Ana Cristina Vélez: Cita a ciegas
A toda fantasía le llega su realidad. Hay un momento en la vida en el que no hay más remedio que encontrarse con ese ser que nos ha intrigado, que ha sido como un fantasma, una voz que habla o escribe, pero todavía sin una entidad corpórea. Y entonces resolvemos verlo para meter el dedo en la llaga, y enfrentarnos a la verdad con cuerpo y alma. Pero ¿es posible conocer a los demás? ¿Cómo saberlo?

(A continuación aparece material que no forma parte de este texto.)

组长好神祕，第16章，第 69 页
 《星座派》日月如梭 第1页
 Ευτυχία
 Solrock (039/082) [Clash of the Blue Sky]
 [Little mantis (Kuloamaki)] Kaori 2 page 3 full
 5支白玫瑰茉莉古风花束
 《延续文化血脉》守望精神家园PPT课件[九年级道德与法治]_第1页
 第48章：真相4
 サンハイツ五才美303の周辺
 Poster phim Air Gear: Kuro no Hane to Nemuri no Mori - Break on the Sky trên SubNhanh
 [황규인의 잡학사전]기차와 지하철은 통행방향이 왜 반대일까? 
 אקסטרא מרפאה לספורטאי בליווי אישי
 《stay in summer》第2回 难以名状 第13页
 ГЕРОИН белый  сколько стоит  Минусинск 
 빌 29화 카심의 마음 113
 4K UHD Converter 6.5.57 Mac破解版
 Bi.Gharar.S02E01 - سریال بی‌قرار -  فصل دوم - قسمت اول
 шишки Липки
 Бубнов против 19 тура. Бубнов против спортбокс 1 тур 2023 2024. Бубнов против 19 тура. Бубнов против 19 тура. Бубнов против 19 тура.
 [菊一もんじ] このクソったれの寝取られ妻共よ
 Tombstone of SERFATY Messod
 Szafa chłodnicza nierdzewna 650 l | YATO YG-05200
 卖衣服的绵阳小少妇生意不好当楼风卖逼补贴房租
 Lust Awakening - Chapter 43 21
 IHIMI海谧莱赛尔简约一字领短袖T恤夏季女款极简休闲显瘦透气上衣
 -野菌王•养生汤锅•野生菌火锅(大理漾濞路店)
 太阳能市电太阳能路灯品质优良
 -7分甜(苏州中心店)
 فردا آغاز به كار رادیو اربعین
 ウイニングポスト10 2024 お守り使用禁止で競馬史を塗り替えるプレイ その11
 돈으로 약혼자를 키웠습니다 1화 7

El caso es que ante una cita a ciegas no se pega el ojo la noche anterior. Se sienten, no mariposas en el estómago, sino aleteos de cóndores. Imaginamos decenas de situaciones posibles, ensayamos conversaciones, hacemos listas de lo que vamos a decir, de lo que vamos a preguntar, de lo que queremos saber. La expectativa sin imagen es tan aguda que no deja pensar, corta el aliento, nos hace suspirar y nos ahoga. ¿Para qué me he metido en esto? Nos preguntamos arrepentidos. Ensayamos disculpas, para quitarnos del compromiso. Ensayamos en el pensamiento todos los caminos del valor y de la cobardía.
Al otro día nos bañamos con esmero, nos cortamos las uñas, peinamos, afeitamos, perfumamos. Cada diez minutos nos miramos al espejo y cuadramos los mechones que se salen de lugar. Caminamos por la casa, se nos seca la boca, el corazón late con fuerza. No queremos comer, pero comemos algo para que no nos suenen las tripas. Caminamos para adelante y para atrás, nos reímos solos, nos odiamos solos. Cuando se aproxima la hora del encuentro, el corazón se nos acelera. Pensamos que nos vamos a desmayar. Las manos se nos enfrían y sudamos. Se nos olvida hablar, eso es tal vez lo peor: ver salir las palabras torcidas o incompletas. Queremos mostrar control y frialdad, y entre más empeño ponemos, menos lo logramos. Nos movemos con torpeza, la agilidad trastabilla.
Nos da miedo decepcionar, defraudar, desagradar. Caer bien sería suficiente, pensamos. Y entonces nos queremos esconder, y descubrimos que no hay manera. Finalmente: 4, 3, 2, 1, 0, fuego… Y llega el instante del encuentro. El cuerpo del otro aparece. Sonreímos, saludamos. Al hacerlo, oímos nuestra propia voz. Nos convertimos en una cámara de video que nos filma, que graba nuestras torpezas y tonterías. Casi no podemos oír al otro de tan fuerte que oímos nuestra voz. Las palpitaciones llegan al pico y también nos aturden. Al hacer el esfuerzo de captar plenamente al otro, nos vamos olvidando poco a poco de nosotros mismos, y nos relajamos.
Frente a la impresión de la primera vez, deberíamos ser escépticos: no sentirnos tan fascinados ni tan decepcionados. El conocimiento toma tiempo. ¿Cuánto se demora uno para ser experto en algo, en alguien? En la gran variedad humana hay personas inescrutables. Todos hemos descubierto algún día actos imposibles de creer cometidos por personas que creíamos conocer. Además, porque respondemos a las circunstancias con distintas posiciones, y podemos mostrar características de la personalidad y del comportamiento que ni siquiera nosotros mismos habíamos sospechado tener. Porque sin movimientos telúricos de gran fuerza, no se desprende del fondo el material que yace en las profundidades. Tampoco sabemos cómo es el otro, si llega a convertirse en nuestro enemigo. No sabemos sobre su capacidad de traición, de engaño o de venganza.
Para hacer buenos juicios se necesitan muy buenos datos, en cantidad y en confiabilidad, saber las fuentes y tener experiencias. Hacemos juicios irresponsables de las personas, por la apariencia, por lo que otros dicen, por fotografías o por lo que alguien nos cuenta. Tendemos a ser poco rigurosos y sesgados, según nos convenga; le damos gusto al deseo, y por eso tendemos a creer muy fácilmente en lo que queremos creer. Para juzgar, hay que tener información, mucha información confiable, que abarque muchos años y aspectos de la vida del otro. No deberíamos olvidar jamás que después de la cita a ciegas seguimos siendo ciegos.